▸ **Material provided**:
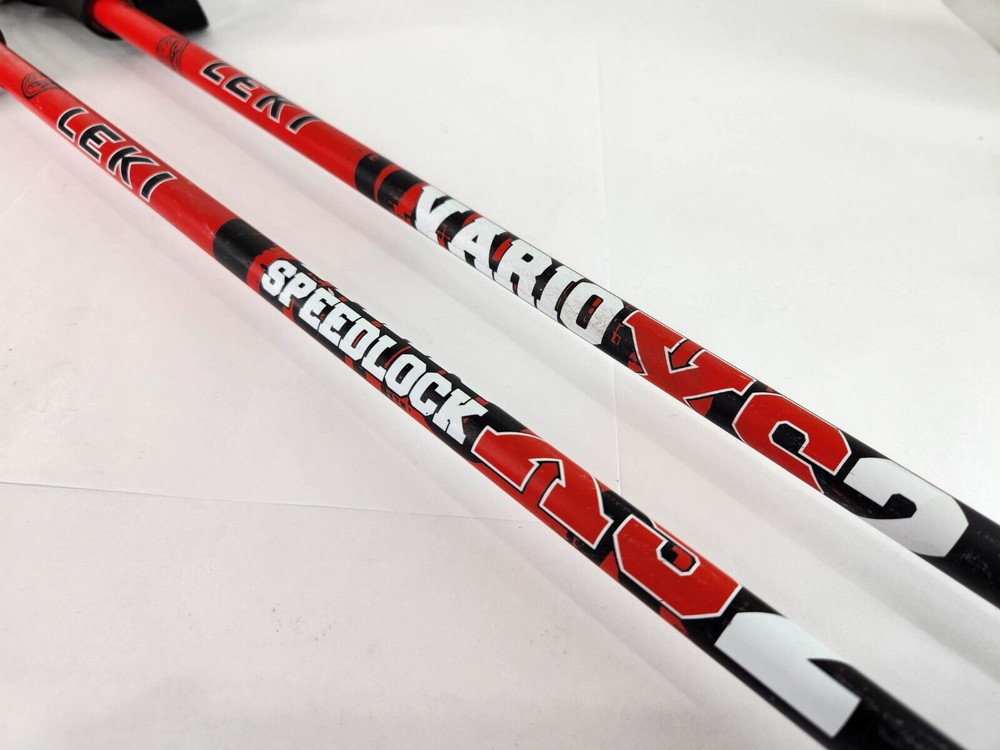 LEKI Vario Speedlock XS2 Trekking Ski Pole 26″ extends up to 46 inches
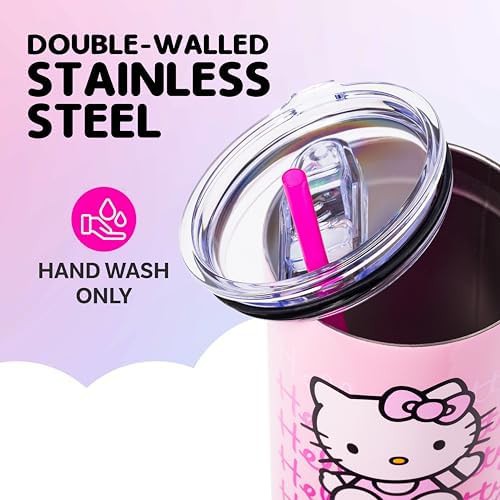 Hello Kitty pink stainless steel tumbler 40 oz — photo 4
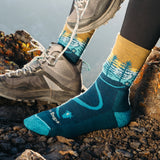 Darn Tough Women's Northwoods Micro Crew Lightweight Hiking Sock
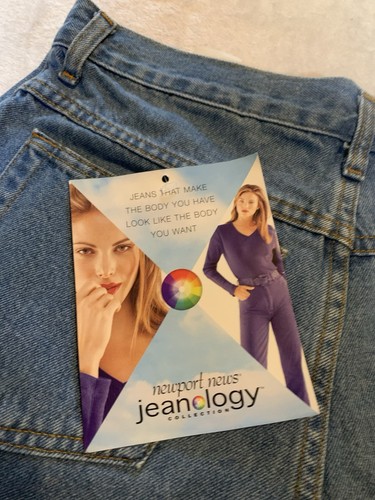 Pantalones Cortos Denim Azul Colección JEANOLOGY Colección NEWPORT NEWS Talla 14 DE COLECCIÓN NUEVOS CON ETIQUETAS - Imagen 4 de 12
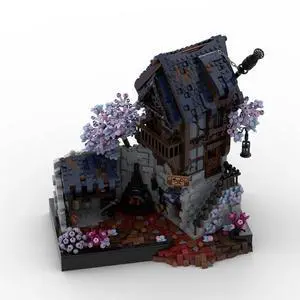 ZITIANYOUBUILD Custom MOC-213181 Medieval MOC Iron Smithy Building Blocks Set 2626PCS Toys Gift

▸ **What you need to do**:
Once the pictures are set aside, transcribe the remaining lines above exactly.

▸ **Exercise output**:
 LEKI Vario Speedlock XS2 Trekking Ski Pole 26″ extends up to 46 inches
 Hello Kitty pink stainless steel tumbler 40 oz — photo 4
 Darn Tough Women's Northwoods Micro Crew Lightweight Hiking Sock
 Pantalones Cortos Denim Azul Colección JEANOLOGY Colección NEWPORT NEWS Talla 14 DE COLECCIÓN NUEVOS CON ETIQUETAS - Imagen 4 de 12
 ZITIANYOUBUILD Custom MOC-213181 Medieval MOC Iron Smithy Building Blocks Set 2626PCS Toys Gift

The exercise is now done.